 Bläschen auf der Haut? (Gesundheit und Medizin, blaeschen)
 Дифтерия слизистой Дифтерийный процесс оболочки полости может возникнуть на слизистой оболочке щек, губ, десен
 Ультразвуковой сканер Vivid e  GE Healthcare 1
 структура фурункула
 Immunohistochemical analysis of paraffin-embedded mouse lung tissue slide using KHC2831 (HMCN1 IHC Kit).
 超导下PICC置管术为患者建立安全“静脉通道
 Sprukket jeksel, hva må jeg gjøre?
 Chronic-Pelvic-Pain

◇ ◇ ◇ ◇ ◇

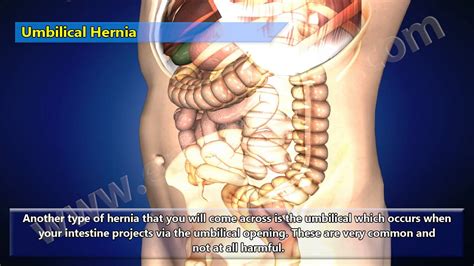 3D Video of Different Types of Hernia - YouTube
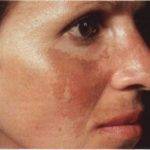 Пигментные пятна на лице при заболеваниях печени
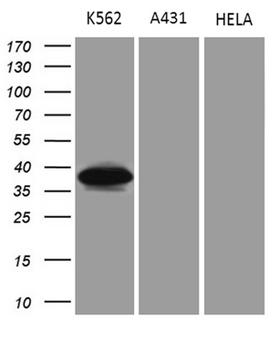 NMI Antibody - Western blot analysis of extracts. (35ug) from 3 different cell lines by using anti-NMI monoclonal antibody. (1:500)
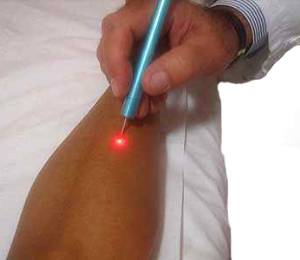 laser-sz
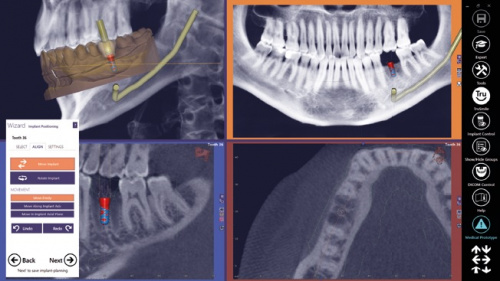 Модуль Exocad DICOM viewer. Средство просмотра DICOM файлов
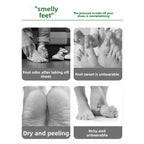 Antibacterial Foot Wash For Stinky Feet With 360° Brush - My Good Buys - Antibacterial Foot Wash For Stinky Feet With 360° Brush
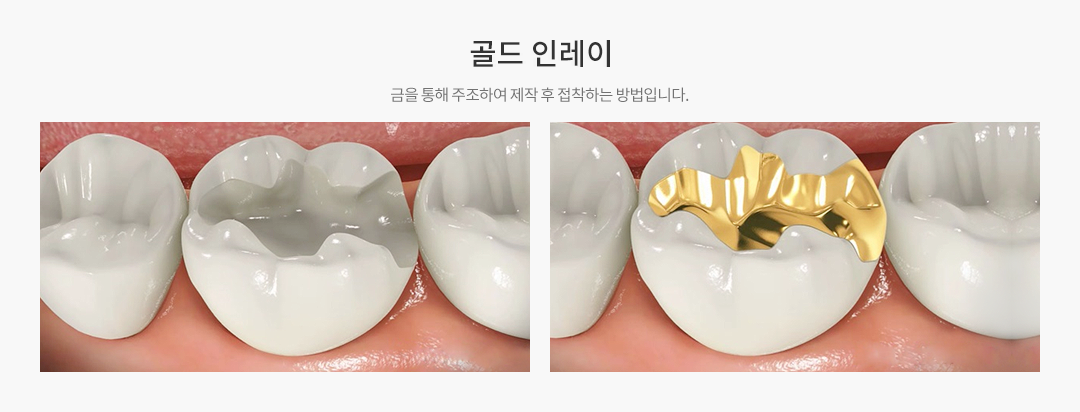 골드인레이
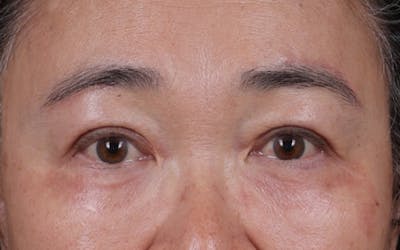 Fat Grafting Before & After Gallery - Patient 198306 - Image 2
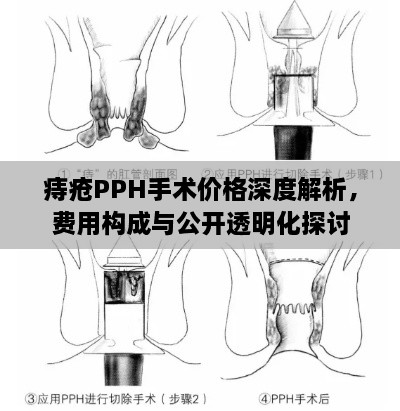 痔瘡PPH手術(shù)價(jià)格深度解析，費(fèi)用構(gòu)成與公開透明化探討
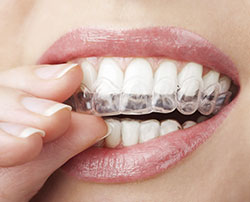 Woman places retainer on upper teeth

◇ ◇ ◇ ◇ ◇

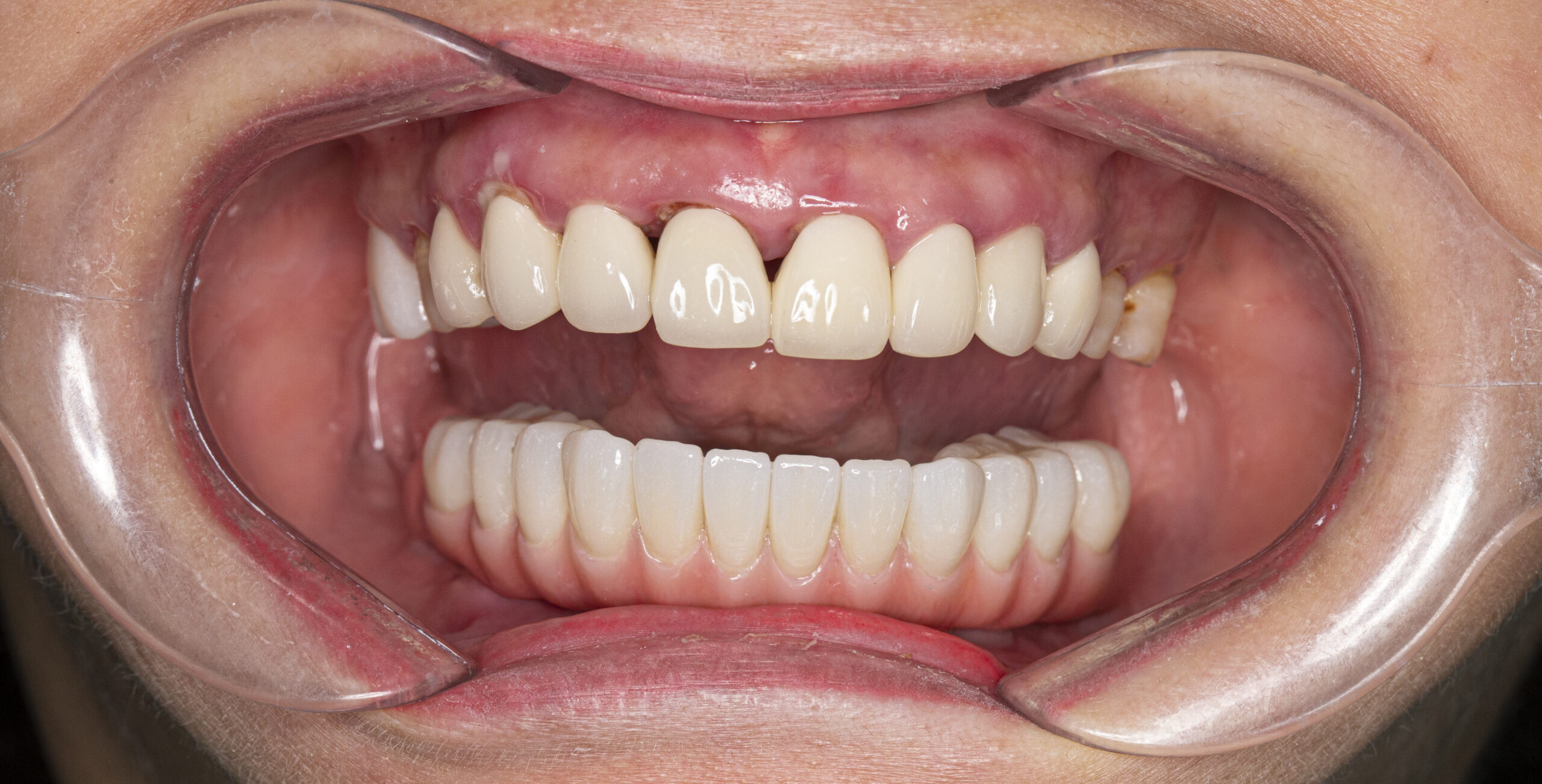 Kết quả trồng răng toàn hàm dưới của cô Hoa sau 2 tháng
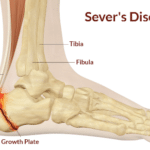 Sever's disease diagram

◇ ◇ ◇ ◇ ◇

| Problem to work on |
Starting at the line that has "Ультразвуковой сканер Vivid" in the records above, restate word for word every line until the one that has "Chronic-Pelvic-Pain", and include that one as well.

| Answer to this problem |
 Ультразвуковой сканер Vivid e  GE Healthcare 1
 структура фурункула
 Immunohistochemical analysis of paraffin-embedded mouse lung tissue slide using KHC2831 (HMCN1 IHC Kit).
 超导下PICC置管术为患者建立安全“静脉通道
 Sprukket jeksel, hva må jeg gjøre?
 Chronic-Pelvic-Pain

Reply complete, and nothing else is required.